# [Task brief]
Starting at the line with "2048 Backwards" and stopping at the final line, retype the data below exactly; do not carry over any pictures.

# [Information supplied]

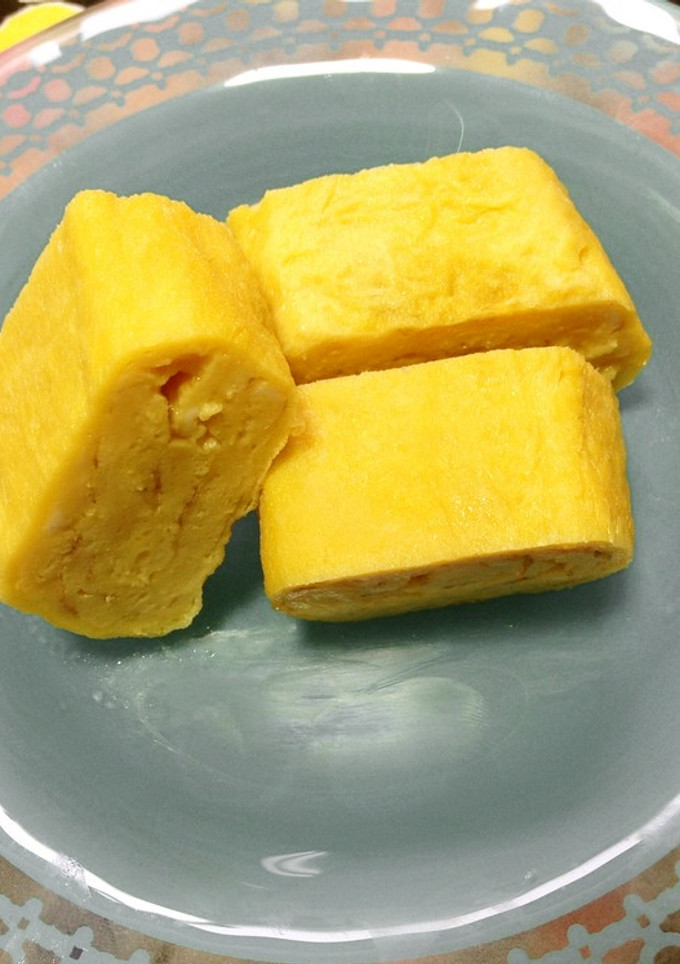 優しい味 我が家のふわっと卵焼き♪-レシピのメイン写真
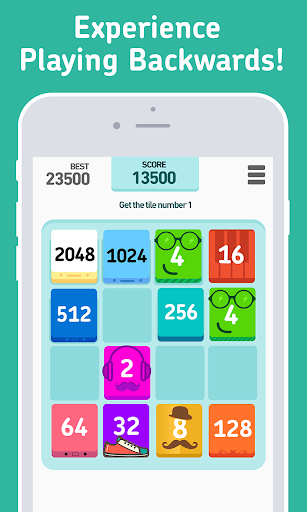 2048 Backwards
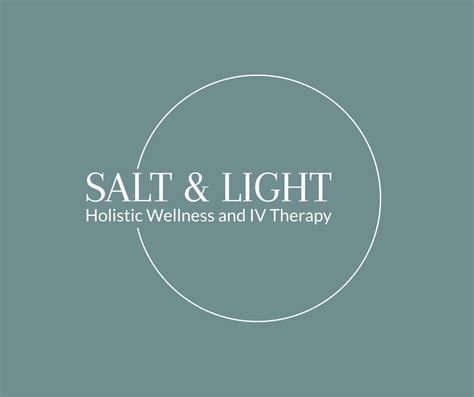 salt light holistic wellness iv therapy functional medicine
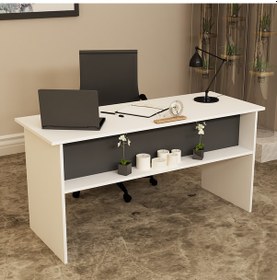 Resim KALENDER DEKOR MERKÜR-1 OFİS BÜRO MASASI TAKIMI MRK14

# [Solved exercise]
 2048 Backwards
 salt light holistic wellness iv therapy functional medicine
 Resim KALENDER DEKOR MERKÜR-1 OFİS BÜRO MASASI TAKIMI MRK14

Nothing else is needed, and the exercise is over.